I meditate for several hours on end sometimes. And I moved back to the Netherlands, and here nature is much more difficult to find. It's here, I have nice areas around me, but I do really miss being in the forest and just knowing that you are alone there. And the idea that you cannot meet anyone, or it's not likely that you'll meet everyone. Like here in the Netherlands, there's always someone around you. I did go back to Norway a couple-- one year ago.

I spent three weeks driving around and just roaming and having the time of my life. Last year, I didn't do it, and now it's really itching to go back. So I try. I know that each of us has a place where we feel at home. And it's rarely where home is. It's usually like somewhere maybe nearby, or it can be a different country for sure. But when you're there, you feel like you're home, and it's very hard to explain because everything is the way it's supposed to be.

Everything smells right, it sounds right, you feel very at ease with yourself. Is Norway that place for you? That's a deep question. That's one that I... Like Norway is extremely close to my heart. Like one experience that I had was when I moved back home, I hadn't visited for two years. And then last year, I went there and I drove off the boat and it felt like it didn't feel special. That was interesting. It felt like, oh, I'm here again. So in that sense, yes, it does feel like home.

But I'm also really starting to like my little boring life in just a one-room apartment and focusing on my and focusing on my business and the technology and having a more routine life in that sense. I think this is potentially the most important takeaway from our conversation. Going outside. Slowing down. You don't necessarily have to go outside, but usually it helps. Slowing down your mind, and... finding your happy place. It's usually in your mind. The happy place is in your mind, by the way.

Outside, walking, being... free from distractions usually helps that surface. But ultimately, you still have to do the work and you still have to settle your mind and go through all the steps. But it's definitely out there. Everyone has it. Yes. And nature is a great facilitator for that. And I think in my case, nature was the gateway to inner peace. Nature was the place where I could disconnect that way and sit by the fire and experience that. And still, of course, still nature is that for me.

Last year I was there, I walked 150 kilometers in the mountains and just alone. It makes you feel very small when you're in those big mountains and a thunderstorm breaks out and it puts so many things into perspective. And how powerful those forces are and how little we are in comparison to that. That is also very healthy for me to have that humbling experience every once in a while.

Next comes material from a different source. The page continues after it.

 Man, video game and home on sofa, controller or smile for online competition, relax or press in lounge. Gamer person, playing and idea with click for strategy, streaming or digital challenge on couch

That's it. And when you come back to whatever you normally do, you'll be so much more productive and things will flow a lot better because your mind took a break. Absolutely. Okay. Well, Mischa, thank you very much for joining me today. It's been a pleasure talking to you, looking at your homelab, you know... Going through that stopping and starting phase. That was very, very fun. And I'm very much looking forward to the next one because I haven't shared mine yet.